EXERCISE DIRECTIONS:
Copy task for the material below: print the line with "H&M - Krátký top z buklé - Černá/Kostka" and every line after it to the end, exactly as written, without the pictures.

SUPPLIED DATA:
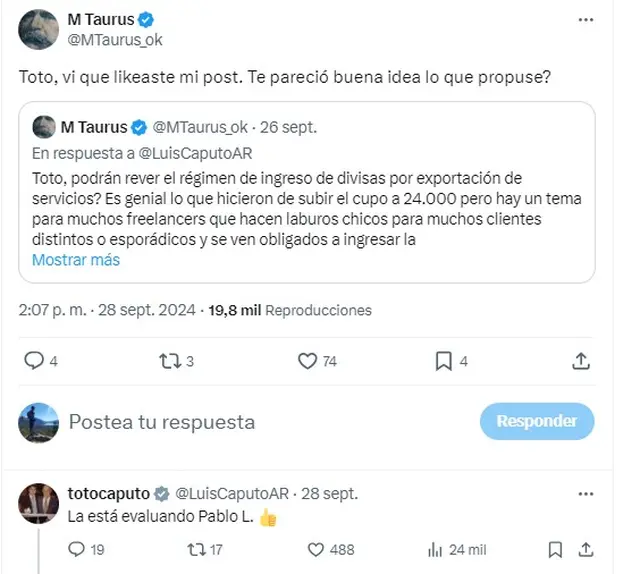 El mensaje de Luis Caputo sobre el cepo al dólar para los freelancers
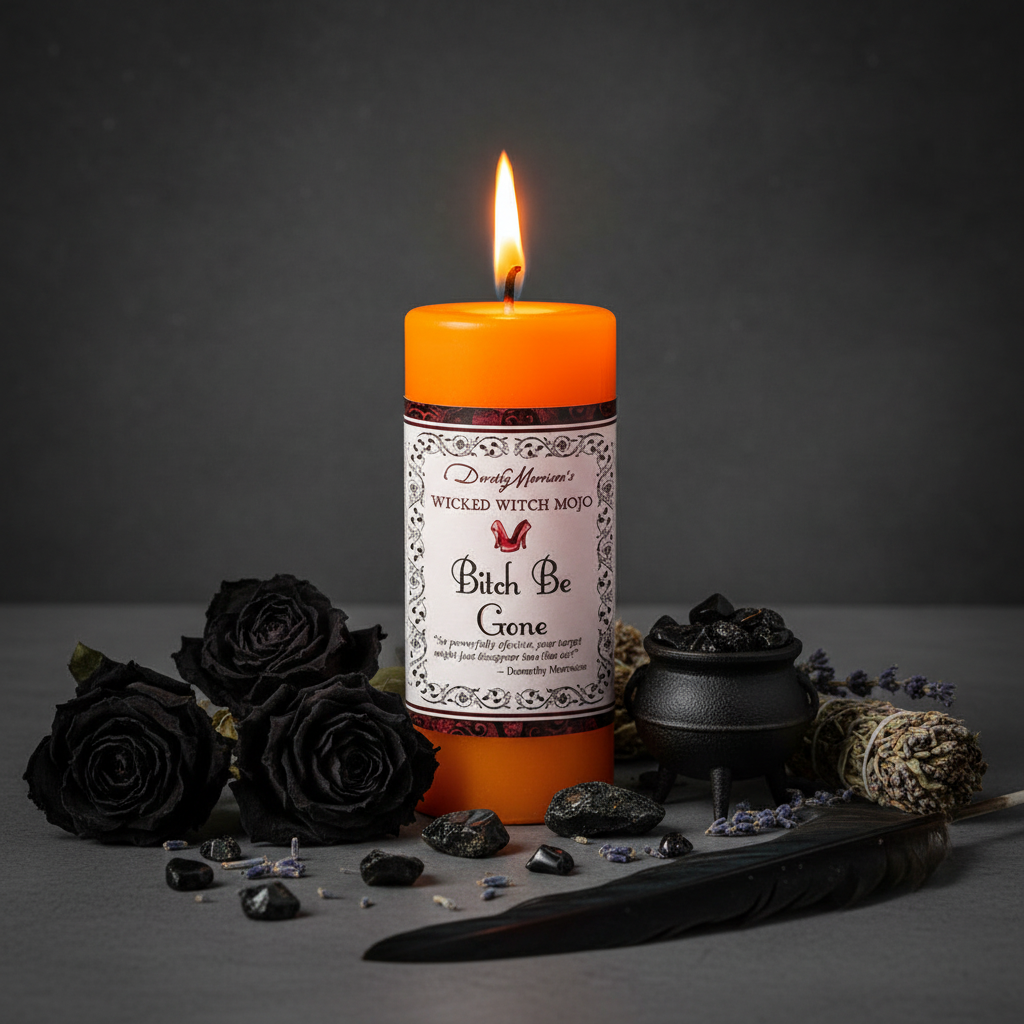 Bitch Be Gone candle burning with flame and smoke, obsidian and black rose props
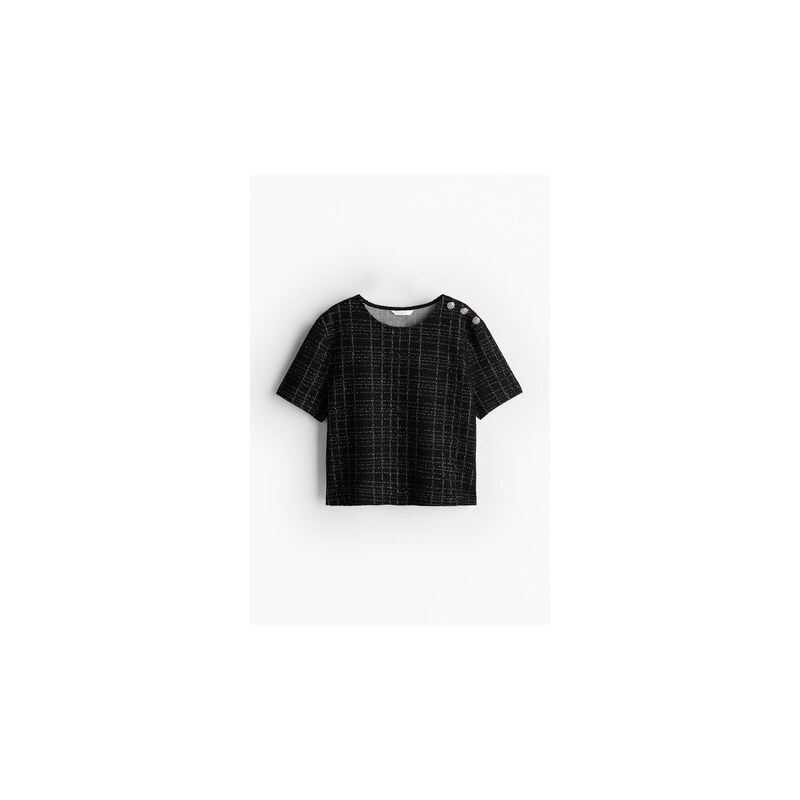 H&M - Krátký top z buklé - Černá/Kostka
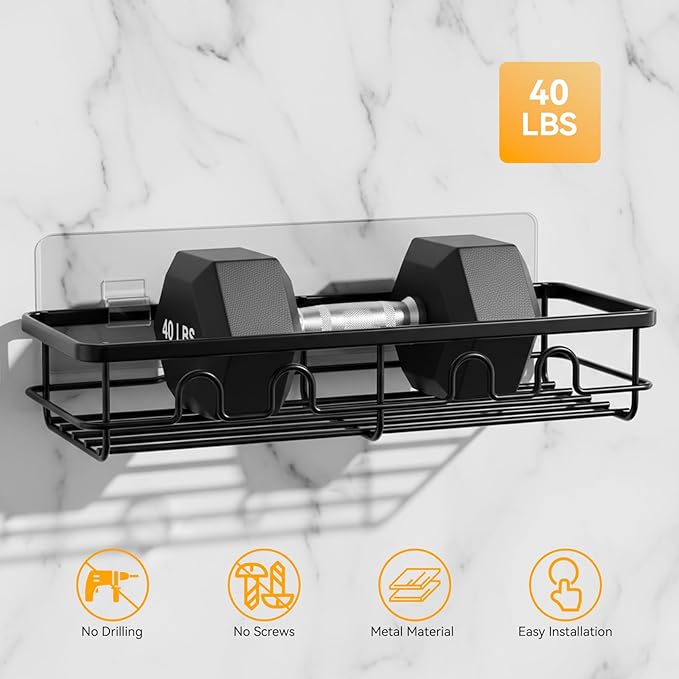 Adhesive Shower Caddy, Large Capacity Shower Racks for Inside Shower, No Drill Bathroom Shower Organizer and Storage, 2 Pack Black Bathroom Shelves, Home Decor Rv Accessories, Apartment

ANSWER FOR THE TASK:
 H&M - Krátký top z buklé - Černá/Kostka
 Adhesive Shower Caddy, Large Capacity Shower Racks for Inside Shower, No Drill Bathroom Shower Organizer and Storage, 2 Pack Black Bathroom Shelves, Home Decor Rv Accessories, Apartment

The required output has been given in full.